Big Machine by Victor LaValle
Reviewed by Nathan Weatherford
Powells.com
Attempting to categorize Victor LaValle's Big Machine is an exercise in futility. Take the opening lines:
Don't look for dignity in public bathrooms. The most you'll find is privacy and sticky floors. But when my boss gave me the glossy envelope, the bathroom was the first place I ran. What can I say? Lurking in toilets was my job.
It's your standard hardboiled-detective-novel opening, albeit one where the protagonist is a janitor named Ricky Rice, but the tone is unmistakable and the introduction of the mysterious envelope right off the bat creates an immediate sense of intrigue and expectation. Also, the chapters are fairly short, allowing for the customary dramatic breaks every two to three pages, and how could someone named Ricky Rice not be a gumshoe of some sort?
But by the time the fifth chapter has ended,
Big Machine has begun to resemble something more like a David Lynch film than a Raymond Chandler novel. It turns out that the envelope had a vague invitation with instructions to Ricky in it, as well as personal details that nobody should know. Having only a crummy job cleaning bathrooms tying him down, Ricky follows the instructions, hops on a Greyhound, and ends up being picked up at the station by a huge man named Lake. He is taken to a secret library where he and other "unsavory" types are commissioned to research paranormal reports from various newspapers around the U.S., for purposes that are better left discovered during your first read.

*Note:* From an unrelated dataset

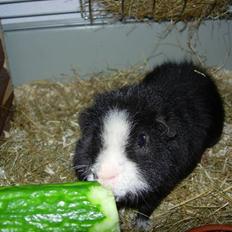 Marsvin Teddy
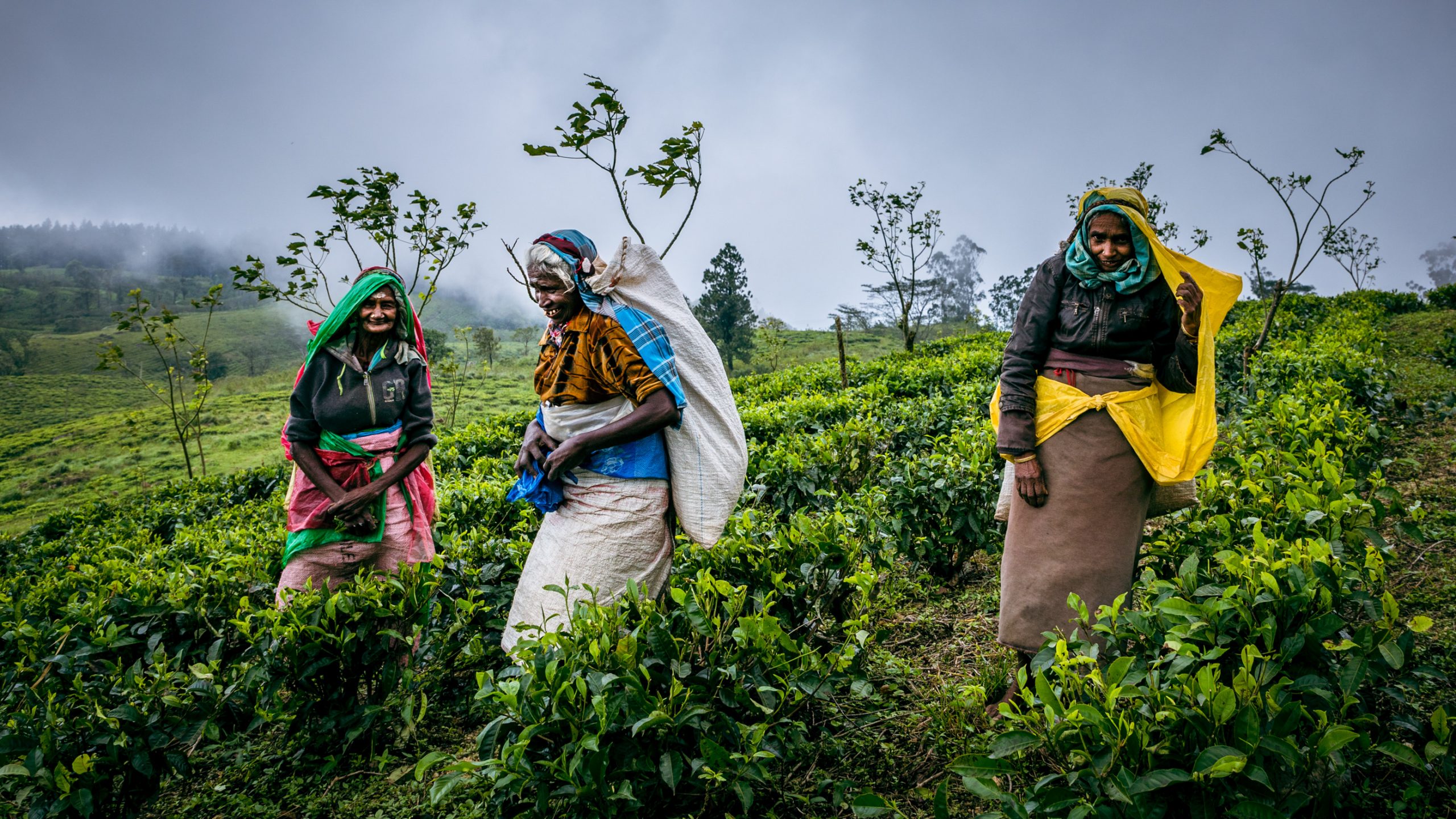 Cueilleuses en plantation de thé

This detective-paranormal mash-up might scream "cheesy
X-Files episode" to you, but Ricky's voice is what holds the book together. Stories like this don't work unless you like the narrator, and Ricky's first-person narration is equal parts begrudging and tender, not to mention hilarious. LaValle does a terrific job of introducing mystical, spiritual, and otherwise ethereal themes and ideas through Ricky's no-nonsense lens. Ricky doesn't cut himself or anybody else any slack, and when seemingly magical events transpire around him (and, believe me, there are lots of those to be found), they're made much more believable by virtue of his constant interior monologue, which yields such gems as this:
I've described the color, but there's still the stench to explain. Imagine a dying mule vomiting a soiled diaper all over your sweaty feet. The pipe smelled worse than that. Plus rancid milk was in there somewhere. What a bouquet. Our sniffled breathing made us both sound panicked as our legs sloshed through the pancake batter.

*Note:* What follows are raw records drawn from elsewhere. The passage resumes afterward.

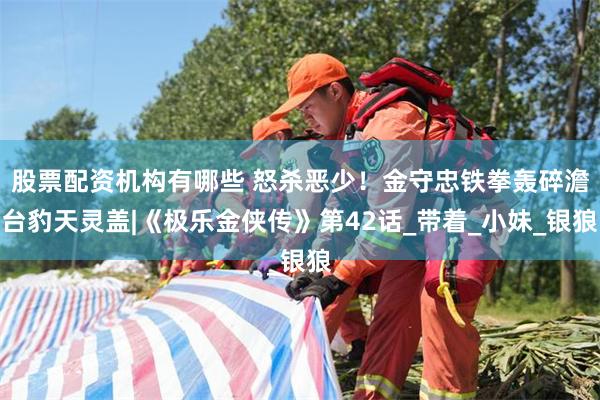 股票配资机构有哪些 怒杀恶少！金守忠铁拳轰碎澹台豹天灵盖|《极乐金侠传》第42话_带着_小妹_银狼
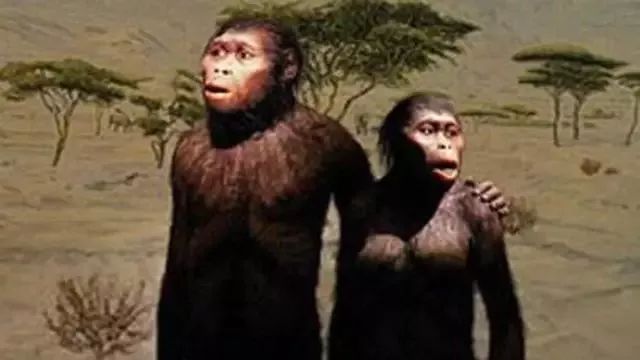 《Science》公布的 125 个最具挑战性的科学问题,你感兴趣的是哪个?-204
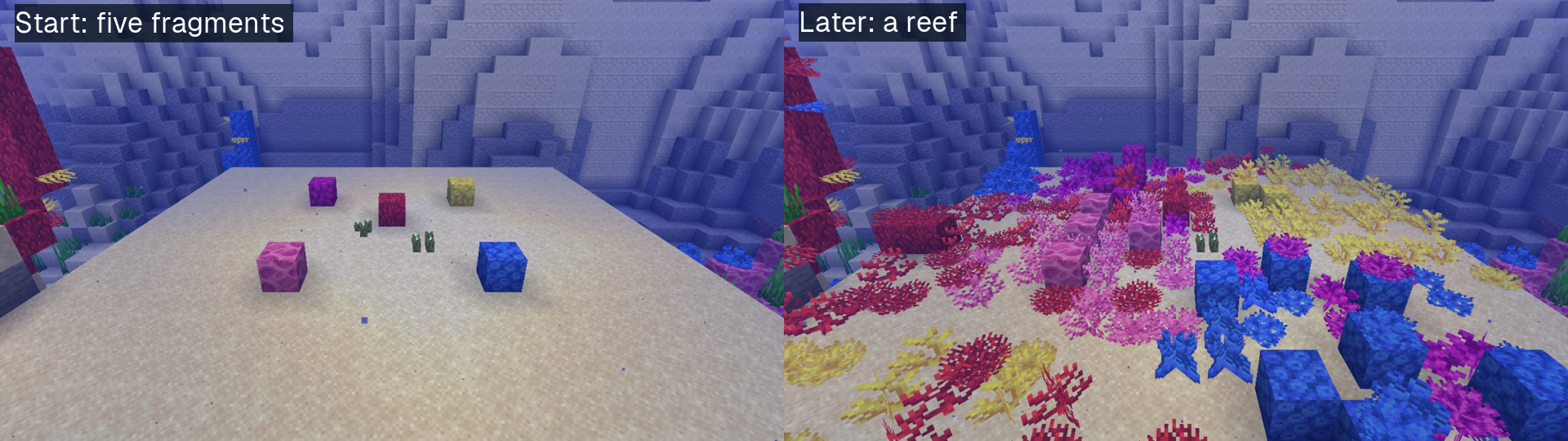 From five fragments to a reef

Toward the middle of the novel, LaValle begins to incorporate Ricky's backstory from his youth into interstitial chapters woven into the main plot. This serves the dual purpose of providing more insight into why Ricky sees the world the way he does and deepening the thematic tension between the physical and spiritual worlds that forms the backbone of the novel's plot. It's also an ingenious way of forcing the reader to keep turning those pages. Whenever the main plot threatens to lose some of its momentum, the story of Ricky's childhood, by turns fascinating and frightening, is enough to make up the difference (thanks for the late nights, LaValle). Surrounded by adults who hold extremely eccentric religious beliefs, young Ricky already is in full possession of his trademark wit but doesn't have the emotional maturity to back it up. Suffice it to say, events transpire that force his hand when it comes to maturation, and LaValle creates some of his most indelible imagery to capture the moment in Ricky's youth when his childhood officially ends. It's a chilling scene that I won't spoil here, and it serves to establish a legitimate reason for Ricky's hard-won sense of humor and his pursuit of the unknown that forces him onward.
I feel completely confident in recommending
Big Machine to anyone in need of a page-turner unlike any you've read before. Here you'll find science fiction, hard literature, mystery, horror, and even some romance as an added bonus. Give the first chapter a quick read, and tell me you don't love Ricky Rice already.